> [DATA FOR ANALYSIS]:
::::
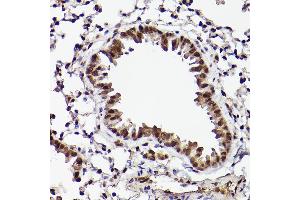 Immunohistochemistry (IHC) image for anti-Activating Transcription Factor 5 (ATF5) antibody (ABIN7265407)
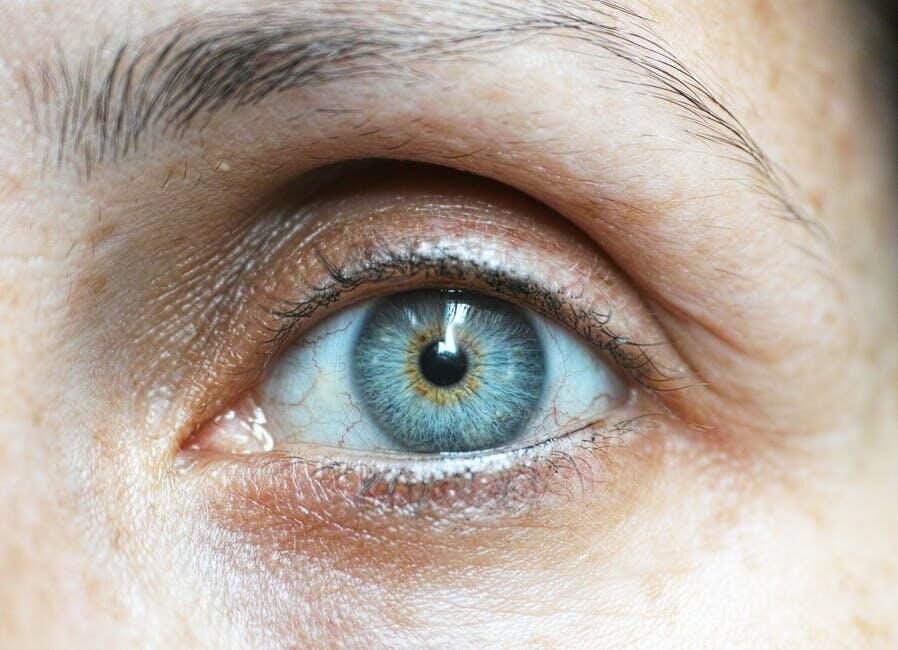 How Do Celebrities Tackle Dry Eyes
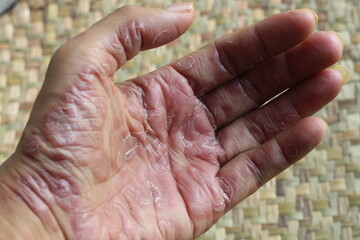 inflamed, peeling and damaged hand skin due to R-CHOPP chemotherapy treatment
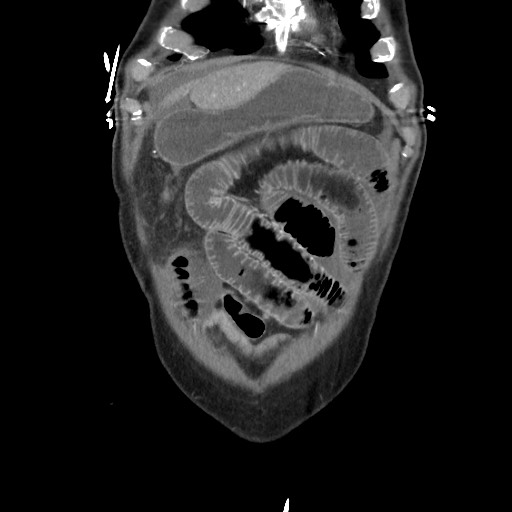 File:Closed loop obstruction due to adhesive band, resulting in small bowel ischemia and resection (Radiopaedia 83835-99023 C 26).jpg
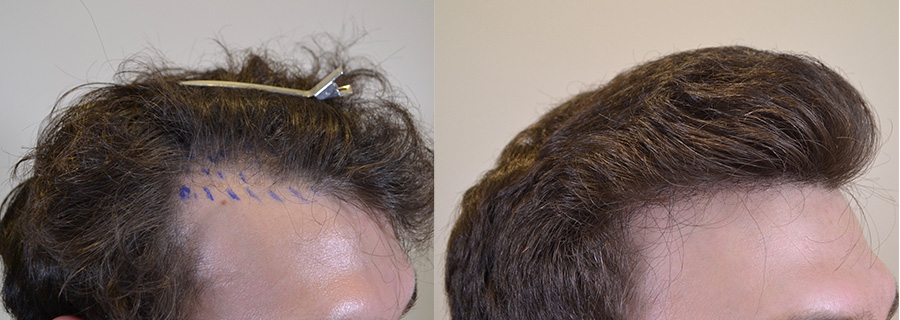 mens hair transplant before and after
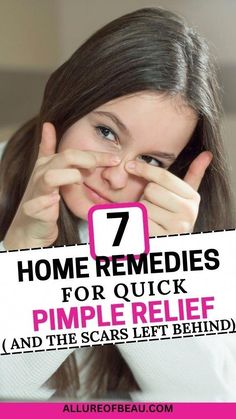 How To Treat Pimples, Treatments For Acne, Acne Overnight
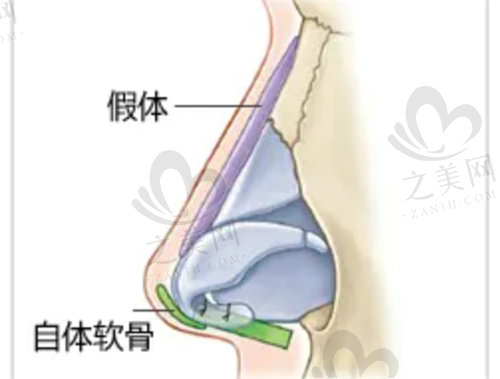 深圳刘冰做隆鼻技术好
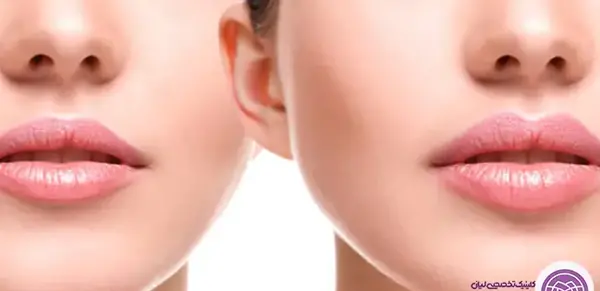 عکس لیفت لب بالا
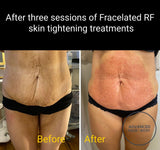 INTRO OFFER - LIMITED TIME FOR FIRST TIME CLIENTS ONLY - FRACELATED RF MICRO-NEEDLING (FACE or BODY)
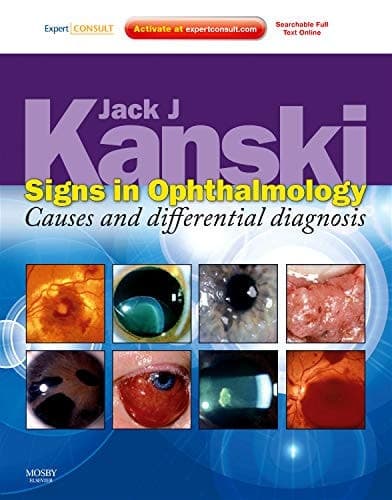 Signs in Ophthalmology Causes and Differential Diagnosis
::::
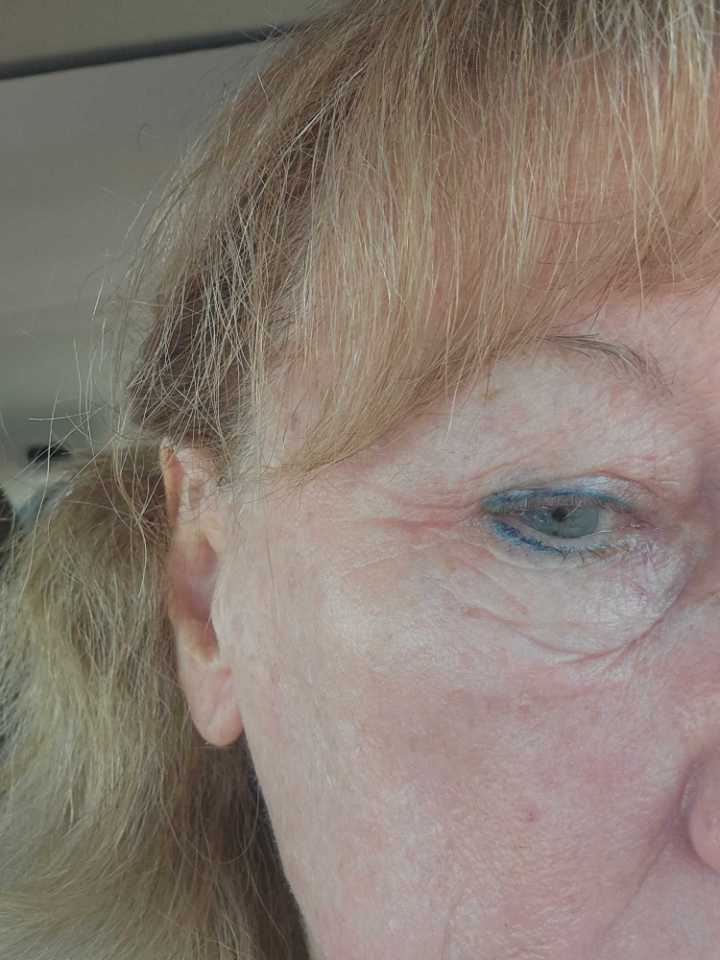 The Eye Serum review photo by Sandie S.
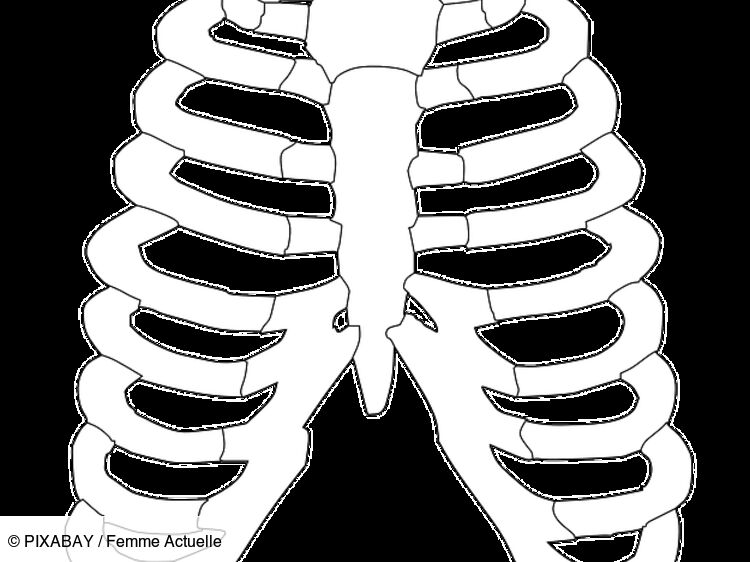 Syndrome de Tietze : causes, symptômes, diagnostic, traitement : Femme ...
::::
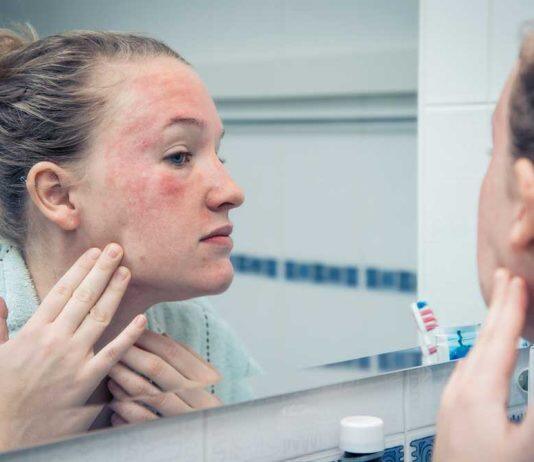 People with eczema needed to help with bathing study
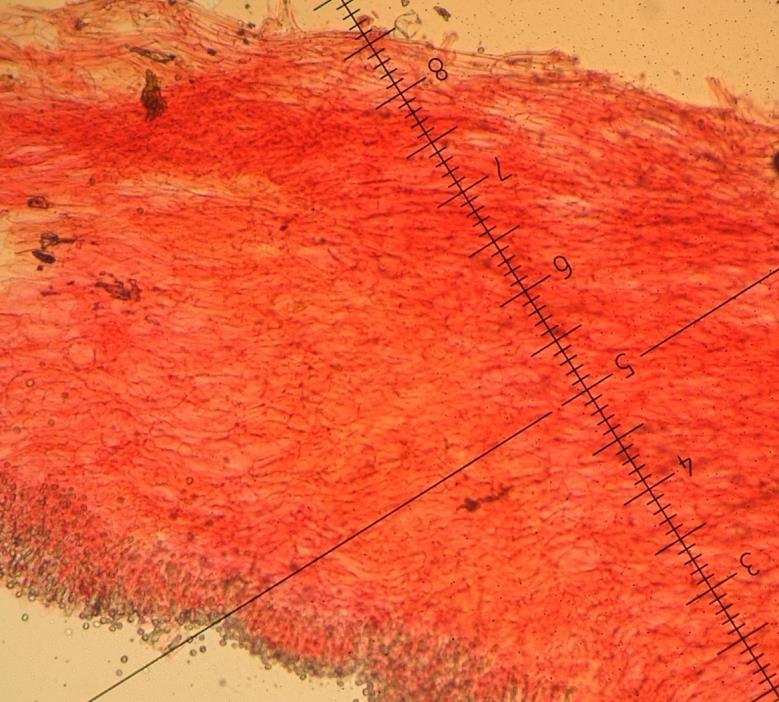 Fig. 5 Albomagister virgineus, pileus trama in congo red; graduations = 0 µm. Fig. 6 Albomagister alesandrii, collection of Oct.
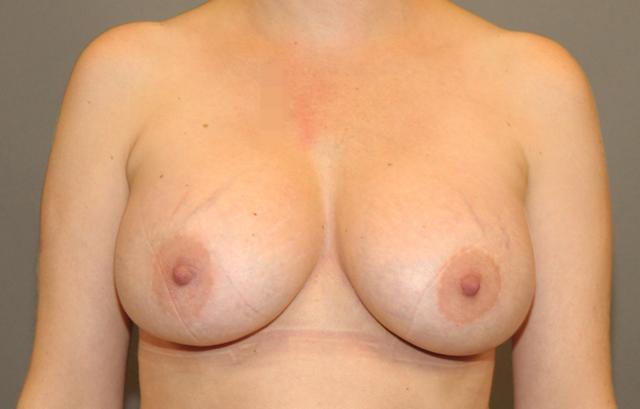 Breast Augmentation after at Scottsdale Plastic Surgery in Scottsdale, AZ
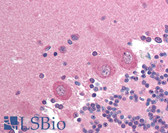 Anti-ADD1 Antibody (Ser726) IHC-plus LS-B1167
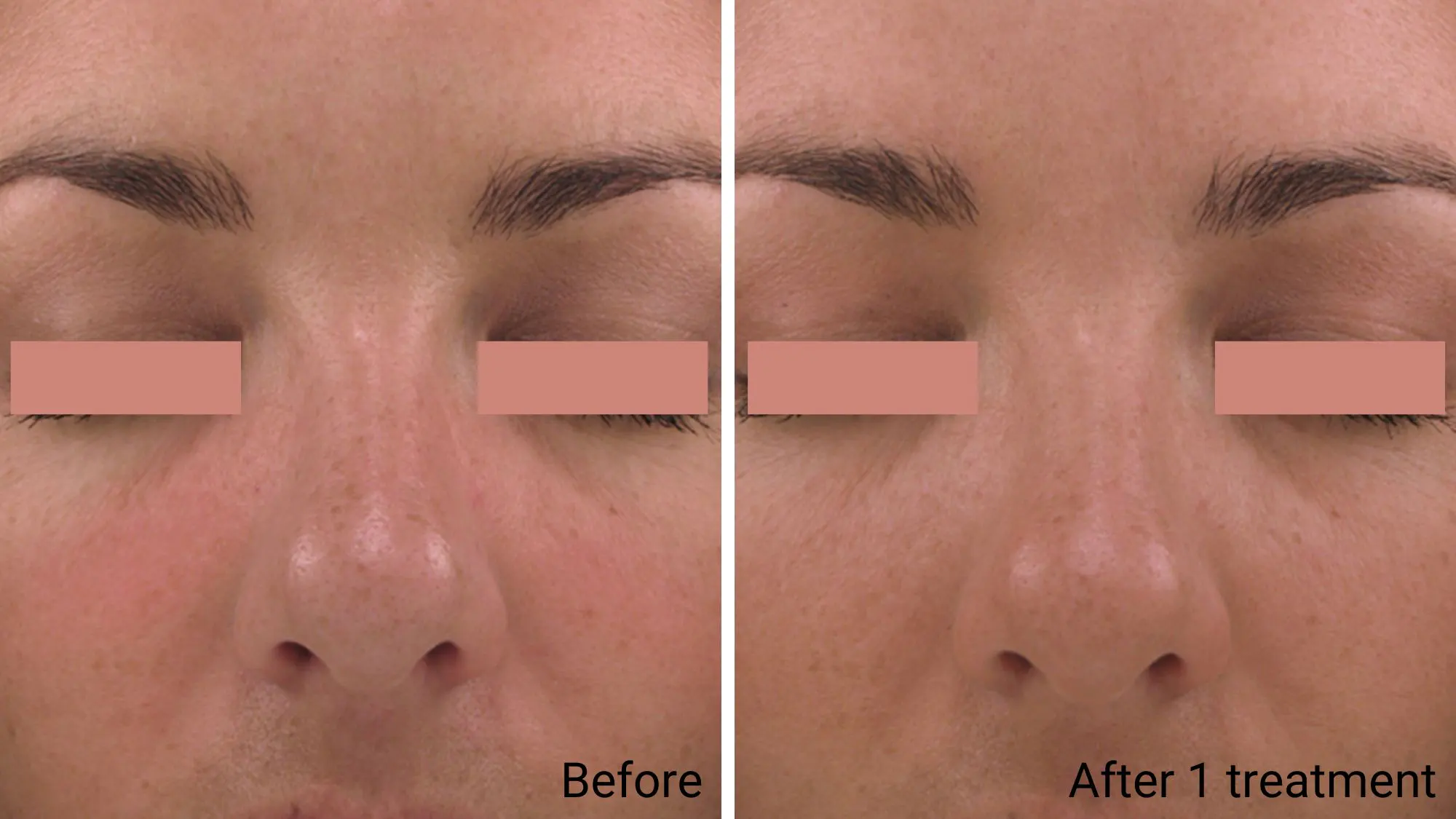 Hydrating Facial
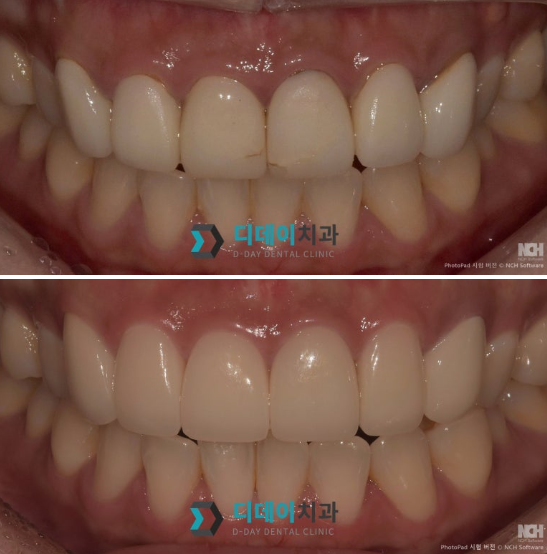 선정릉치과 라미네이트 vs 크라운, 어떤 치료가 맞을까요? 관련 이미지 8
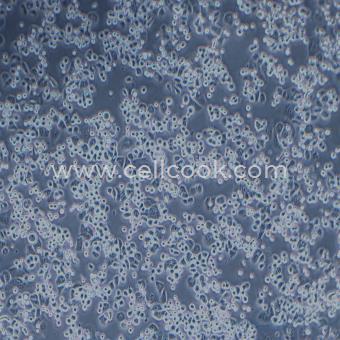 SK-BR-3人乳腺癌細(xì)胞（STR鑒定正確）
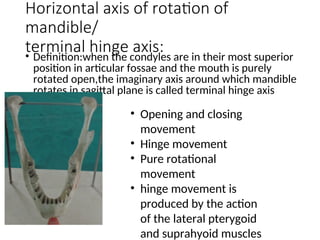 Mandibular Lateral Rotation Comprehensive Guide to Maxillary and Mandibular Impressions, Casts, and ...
::::
> [WHAT TO WORK ON]:
Above is the material; set down exactly its lines from the one containing "People with eczema" down to the one containing "Mandibular Lateral Rotation", both included, leaving out any pictures.

> [RESPONSE]:
 People with eczema needed to help with bathing study
 Fig. 5 Albomagister virgineus, pileus trama in congo red; graduations = 0 µm. Fig. 6 Albomagister alesandrii, collection of Oct.
 Breast Augmentation after at Scottsdale Plastic Surgery in Scottsdale, AZ
 Anti-ADD1 Antibody (Ser726) IHC-plus LS-B1167
 Hydrating Facial
 선정릉치과 라미네이트 vs 크라운, 어떤 치료가 맞을까요? 관련 이미지 8
 SK-BR-3人乳腺癌細(xì)胞（STR鑒定正確）
 Mandibular Lateral Rotation Comprehensive Guide to Maxillary and Mandibular Impressions, Casts, and ...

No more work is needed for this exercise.